Removing friction from authentication

Credential stuffing, whereby automated systems are used to access user accounts with stolen usernames and passwords, has exploded as cybercriminals have adopted increasingly intelligent and sophisticated methods to circumvent the traditional countermeasures deployed by organisations.

In particular, hackers are deepening their capabilities around imitating legitimate users. They use the same tools that users do, automating production browsers, such as Chrome, Firefox and Safari, and proxying through residential IP addresses.

By emulating human traffic and behaviour, they can bypass lower friction defences, multi-factor authentication, or MFA, gates and rate limits to takeover accounts, crack cards or steal data. Malware sits resident on victims’ computers, scraping their credentials and delivering them back to fraud marketplaces.

Intelligent phishing proxies, which seamlessly skin over a legitimate website and then intercept the traffic that goes through, are also on the rise. Users are fooled into thinking they are logging into their email account or online banking, as the web page looks the same, but meanwhile their credentials are being stolen by a cybercriminal. In response, organisations have been drastically stepping up their authentication layers.

“Five years ago, it was not uncommon to find that the only way an organisation was authenticating users was through a single login form on a webpage. Fraudsters had free rein passed that point,” says Jarrod Overson, director of engineering at Shape Security. “Now, MFA is commonplace, we’re seeing more magic links and then even past the first login gate, companies are increasingly risk-scoring each user’s behaviour to assess whether they need to be authenticated further.”

Security ≠ friction

While organisations have undoubtedly added more security to their authentication, they’ve also added more friction to the user experience. CAPTCHA tests (completely automated public Turing tests to tell computers and humans apart) are frequently derided on social media networks as a painful process for proving human identity, while even MFA causes a significant level of disruption to a customer journey, even more so if the user doesn’t have their smartphone to hand.

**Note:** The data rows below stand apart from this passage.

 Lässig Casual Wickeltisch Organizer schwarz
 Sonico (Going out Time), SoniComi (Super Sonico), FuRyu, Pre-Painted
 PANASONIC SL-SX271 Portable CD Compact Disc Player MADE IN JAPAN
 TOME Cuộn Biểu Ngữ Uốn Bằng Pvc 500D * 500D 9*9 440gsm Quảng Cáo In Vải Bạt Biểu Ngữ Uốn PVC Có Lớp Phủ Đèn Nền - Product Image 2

This additional friction comes at a time when IT, marketing and sales departments are already eroding the seamlessness of their digital channels, whether through pop-ups urging people to accept privacy policies, user session tracking or customer journey mapping. When companies then start to apply security on to those applications, it can easily feel like they are imposing a dramatic amount more friction than is necessary.

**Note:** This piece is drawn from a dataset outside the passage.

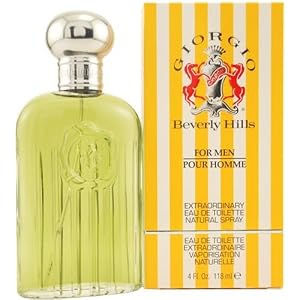 Giorgio by Giorgio Beverly Hills For Men. Eau De Toilette Spray 4-Ounces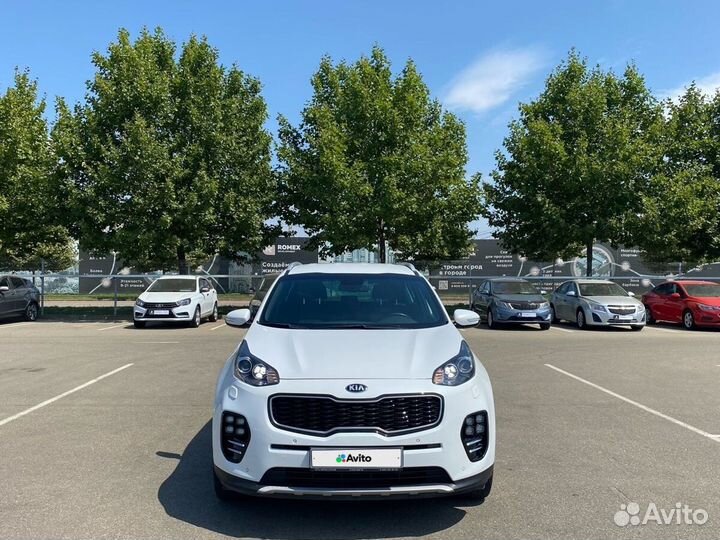 Kia Sportage 2.0 AT, 2018, 42 000 км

Organisations that add a lot of friction to mitigate fraud may incorrectly think they are improving security defences. Meanwhile, however, they are likely to be overlooking the downstream damage they’re causing to their customer experience. Too much friction can negatively impact account creation, logins and conversion rates. More worryingly, they’ll soon find their social media pages are being blighted by poor reviews that damage their brand and reputation, and ultimately soon their sales will be affected.

We’re showing through our solutions that authentication need not come at the expense of customer experience

“Companies need to architect a better balance between security and user experience,” says Overson. “Attackers have started with basic tools that did a simple job and have evolved over the last five years to more convincingly look generically human. Now they are moving towards more aggressively looking specifically human. As defences improved to block questionable behaviour, attackers responded by creating tools to exploit and imitate individual users with all their nuances.”

Shape Security, which protects more than one billion transactions per day from imitation attacks, leverages artificial intelligence and machine-learning to build security and anti-fraud solutions that are completely configurable to the customer application and attacker. This allows companies to reduce friction for their legitimate users while dynamically ramping it up for potentially bad traffic and even more aggressively for actual attackers.

“We’re showing through our solutions that authentication need not come at the expense of customer experience,” Overson concludes. “A combination of layered defences against attackers alongside positive rewards for legitimate users makes it easier to see how additional security can actually improve the overall experience.”